------ Source data ------
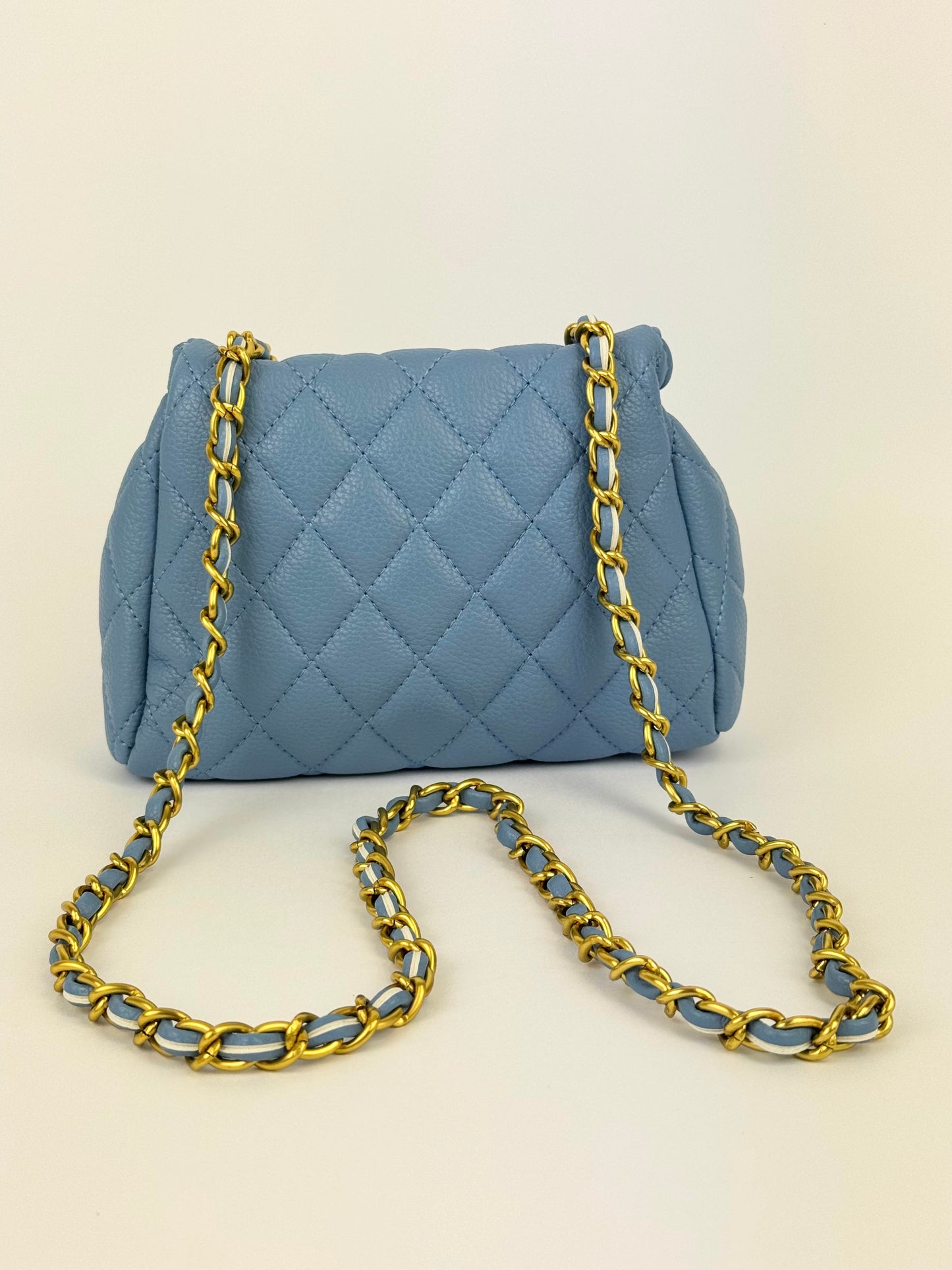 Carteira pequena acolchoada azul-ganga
------
------ Source data ------
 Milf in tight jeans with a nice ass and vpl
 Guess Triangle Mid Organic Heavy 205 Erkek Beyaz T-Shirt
------
------ Source data ------
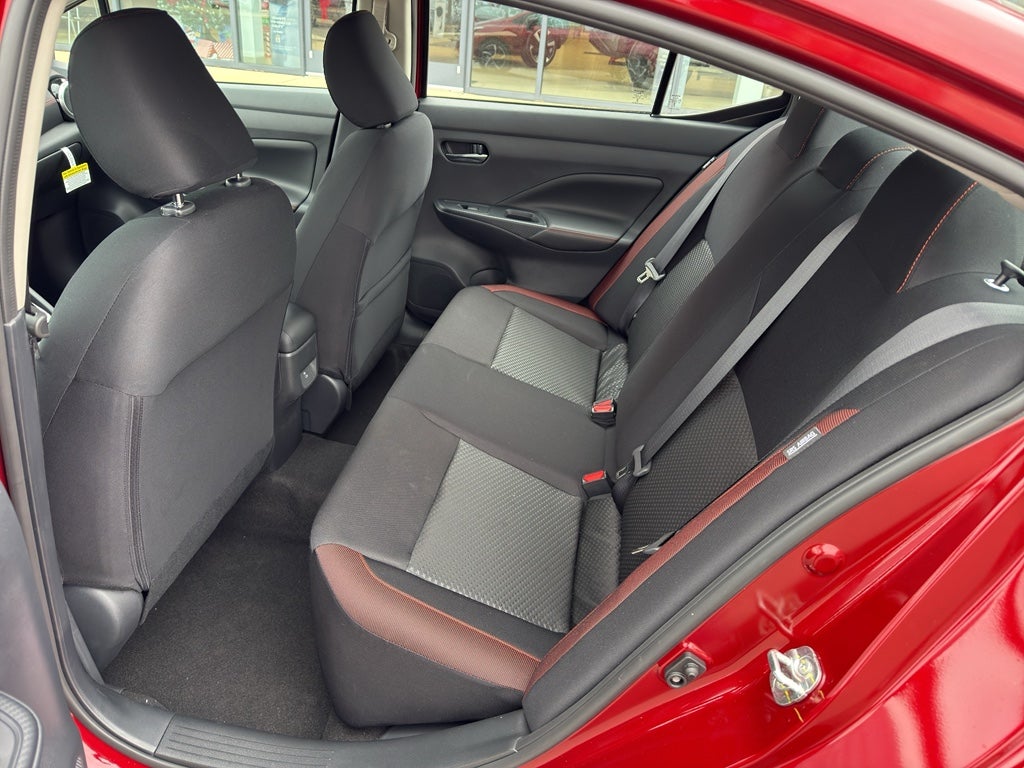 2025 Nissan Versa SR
------
■ Try it ■
From the entries above, restate word for word the lines from the line containing "Milf in tight jeans with a nice ass and vpl" to the line containing "Guess Triangle Mid", both ends included, and nothing more.

■ Written answer ■
 Milf in tight jeans with a nice ass and vpl
 Guess Triangle Mid Organic Heavy 205 Erkek Beyaz T-Shirt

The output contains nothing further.